YOUR OBJECTIVE »
If a line includes "while", copy it out of the entries.

Brief descriptive captions
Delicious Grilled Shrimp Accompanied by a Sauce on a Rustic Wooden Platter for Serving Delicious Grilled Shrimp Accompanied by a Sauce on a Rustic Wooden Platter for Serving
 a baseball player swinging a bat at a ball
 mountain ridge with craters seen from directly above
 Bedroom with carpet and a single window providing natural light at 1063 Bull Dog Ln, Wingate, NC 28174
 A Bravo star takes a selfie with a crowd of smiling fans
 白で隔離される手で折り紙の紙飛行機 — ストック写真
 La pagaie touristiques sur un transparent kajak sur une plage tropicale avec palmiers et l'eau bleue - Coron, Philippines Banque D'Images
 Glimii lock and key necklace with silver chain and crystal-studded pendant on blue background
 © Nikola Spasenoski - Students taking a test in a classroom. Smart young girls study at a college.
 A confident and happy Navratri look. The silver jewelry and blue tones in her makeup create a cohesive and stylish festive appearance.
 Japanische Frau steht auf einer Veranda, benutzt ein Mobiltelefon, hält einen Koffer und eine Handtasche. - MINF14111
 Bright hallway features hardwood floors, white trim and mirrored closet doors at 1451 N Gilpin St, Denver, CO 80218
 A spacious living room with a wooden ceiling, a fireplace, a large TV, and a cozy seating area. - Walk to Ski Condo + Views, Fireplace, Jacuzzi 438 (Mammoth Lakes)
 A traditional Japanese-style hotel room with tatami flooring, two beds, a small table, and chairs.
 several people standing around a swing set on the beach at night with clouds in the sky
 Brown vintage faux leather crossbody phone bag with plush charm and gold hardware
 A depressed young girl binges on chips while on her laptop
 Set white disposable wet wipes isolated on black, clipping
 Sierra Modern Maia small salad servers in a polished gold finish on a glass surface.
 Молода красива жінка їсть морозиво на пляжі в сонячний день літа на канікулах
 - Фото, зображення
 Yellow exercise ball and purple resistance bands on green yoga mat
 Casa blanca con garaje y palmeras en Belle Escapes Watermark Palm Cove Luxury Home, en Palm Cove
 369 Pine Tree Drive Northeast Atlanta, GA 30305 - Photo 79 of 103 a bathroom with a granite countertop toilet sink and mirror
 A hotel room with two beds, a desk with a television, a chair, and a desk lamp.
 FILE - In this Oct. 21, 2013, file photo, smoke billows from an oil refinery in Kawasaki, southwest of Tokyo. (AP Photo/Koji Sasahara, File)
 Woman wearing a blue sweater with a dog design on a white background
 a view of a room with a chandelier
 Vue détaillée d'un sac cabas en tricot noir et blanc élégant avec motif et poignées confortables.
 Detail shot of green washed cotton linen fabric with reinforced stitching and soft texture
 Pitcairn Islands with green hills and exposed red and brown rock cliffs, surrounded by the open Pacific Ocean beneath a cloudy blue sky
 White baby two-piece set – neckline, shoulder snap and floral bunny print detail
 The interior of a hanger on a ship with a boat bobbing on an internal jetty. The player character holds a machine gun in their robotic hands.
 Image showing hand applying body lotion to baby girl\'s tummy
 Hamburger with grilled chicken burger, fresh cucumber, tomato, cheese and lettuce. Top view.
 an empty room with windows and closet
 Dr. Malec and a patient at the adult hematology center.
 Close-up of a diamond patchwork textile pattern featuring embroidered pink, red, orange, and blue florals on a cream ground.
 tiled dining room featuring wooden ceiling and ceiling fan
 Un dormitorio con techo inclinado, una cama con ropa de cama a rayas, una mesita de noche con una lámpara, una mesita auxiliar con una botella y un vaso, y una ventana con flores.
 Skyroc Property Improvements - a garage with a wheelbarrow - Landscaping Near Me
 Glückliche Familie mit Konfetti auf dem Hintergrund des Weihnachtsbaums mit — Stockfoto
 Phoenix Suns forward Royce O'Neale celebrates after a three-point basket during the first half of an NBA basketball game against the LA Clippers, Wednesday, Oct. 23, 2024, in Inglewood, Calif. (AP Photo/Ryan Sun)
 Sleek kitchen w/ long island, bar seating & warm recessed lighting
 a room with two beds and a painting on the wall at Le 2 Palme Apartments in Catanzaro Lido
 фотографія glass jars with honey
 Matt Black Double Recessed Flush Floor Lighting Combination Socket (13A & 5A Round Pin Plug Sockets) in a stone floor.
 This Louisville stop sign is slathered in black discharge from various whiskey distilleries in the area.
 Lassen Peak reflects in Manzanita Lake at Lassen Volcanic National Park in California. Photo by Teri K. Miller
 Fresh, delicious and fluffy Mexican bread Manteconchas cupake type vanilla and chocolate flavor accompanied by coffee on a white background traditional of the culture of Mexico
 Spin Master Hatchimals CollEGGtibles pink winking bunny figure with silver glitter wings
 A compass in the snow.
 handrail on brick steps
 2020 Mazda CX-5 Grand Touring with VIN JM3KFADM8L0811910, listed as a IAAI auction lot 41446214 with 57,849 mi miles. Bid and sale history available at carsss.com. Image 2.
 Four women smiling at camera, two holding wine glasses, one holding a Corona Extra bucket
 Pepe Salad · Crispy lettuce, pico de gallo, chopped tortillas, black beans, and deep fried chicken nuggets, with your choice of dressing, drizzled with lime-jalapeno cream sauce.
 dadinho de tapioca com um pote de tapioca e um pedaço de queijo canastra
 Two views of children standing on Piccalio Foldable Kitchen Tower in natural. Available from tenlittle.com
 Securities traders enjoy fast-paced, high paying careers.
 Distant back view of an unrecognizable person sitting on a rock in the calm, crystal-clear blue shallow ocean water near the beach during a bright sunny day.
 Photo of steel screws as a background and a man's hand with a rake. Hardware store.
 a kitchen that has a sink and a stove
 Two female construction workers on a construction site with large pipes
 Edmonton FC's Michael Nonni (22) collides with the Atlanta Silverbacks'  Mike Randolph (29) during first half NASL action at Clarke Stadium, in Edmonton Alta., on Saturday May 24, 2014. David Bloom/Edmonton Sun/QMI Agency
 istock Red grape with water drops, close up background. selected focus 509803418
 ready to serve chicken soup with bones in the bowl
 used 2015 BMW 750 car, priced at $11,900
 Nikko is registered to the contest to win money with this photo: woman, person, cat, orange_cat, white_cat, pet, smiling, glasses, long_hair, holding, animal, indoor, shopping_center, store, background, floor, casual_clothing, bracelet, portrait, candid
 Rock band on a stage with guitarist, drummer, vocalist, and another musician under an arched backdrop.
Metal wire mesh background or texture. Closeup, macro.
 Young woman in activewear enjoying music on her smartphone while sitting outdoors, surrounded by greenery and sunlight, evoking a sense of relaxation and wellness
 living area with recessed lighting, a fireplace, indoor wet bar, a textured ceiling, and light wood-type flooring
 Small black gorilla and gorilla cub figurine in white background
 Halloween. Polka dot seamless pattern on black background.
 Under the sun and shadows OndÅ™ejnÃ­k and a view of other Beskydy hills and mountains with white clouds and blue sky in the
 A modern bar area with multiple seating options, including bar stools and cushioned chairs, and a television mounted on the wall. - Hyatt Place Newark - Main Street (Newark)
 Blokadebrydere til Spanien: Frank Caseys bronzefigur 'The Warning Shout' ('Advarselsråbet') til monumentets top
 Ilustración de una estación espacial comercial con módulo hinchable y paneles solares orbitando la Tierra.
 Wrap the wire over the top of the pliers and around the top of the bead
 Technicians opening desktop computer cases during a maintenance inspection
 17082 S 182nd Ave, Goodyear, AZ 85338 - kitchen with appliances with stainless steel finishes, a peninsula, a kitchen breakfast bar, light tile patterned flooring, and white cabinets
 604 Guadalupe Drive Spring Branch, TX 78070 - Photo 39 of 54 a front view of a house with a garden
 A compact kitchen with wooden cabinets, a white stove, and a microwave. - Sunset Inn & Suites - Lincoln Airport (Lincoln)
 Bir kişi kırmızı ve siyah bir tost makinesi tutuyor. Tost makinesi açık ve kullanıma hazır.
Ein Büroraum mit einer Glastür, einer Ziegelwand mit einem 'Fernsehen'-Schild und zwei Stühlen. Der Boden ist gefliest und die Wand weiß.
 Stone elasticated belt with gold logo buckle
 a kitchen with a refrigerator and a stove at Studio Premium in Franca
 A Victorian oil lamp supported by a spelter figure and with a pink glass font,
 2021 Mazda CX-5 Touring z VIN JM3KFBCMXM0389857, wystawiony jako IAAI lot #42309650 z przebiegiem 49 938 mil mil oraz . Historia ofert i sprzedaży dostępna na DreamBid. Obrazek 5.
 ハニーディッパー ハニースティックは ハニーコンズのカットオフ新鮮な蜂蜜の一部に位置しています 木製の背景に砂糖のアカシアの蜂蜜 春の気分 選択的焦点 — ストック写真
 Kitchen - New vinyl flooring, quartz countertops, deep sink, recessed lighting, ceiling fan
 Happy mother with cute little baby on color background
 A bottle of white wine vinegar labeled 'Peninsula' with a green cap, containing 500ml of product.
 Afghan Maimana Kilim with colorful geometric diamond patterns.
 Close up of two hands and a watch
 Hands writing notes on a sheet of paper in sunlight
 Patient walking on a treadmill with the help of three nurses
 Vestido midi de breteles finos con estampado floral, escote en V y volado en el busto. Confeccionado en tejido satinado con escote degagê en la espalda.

SOLUTION TO THIS TASK »
 A depressed young girl binges on chips while on her laptop
 Young woman in activewear enjoying music on her smartphone while sitting outdoors, surrounded by greenery and sunlight, evoking a sense of relaxation and wellness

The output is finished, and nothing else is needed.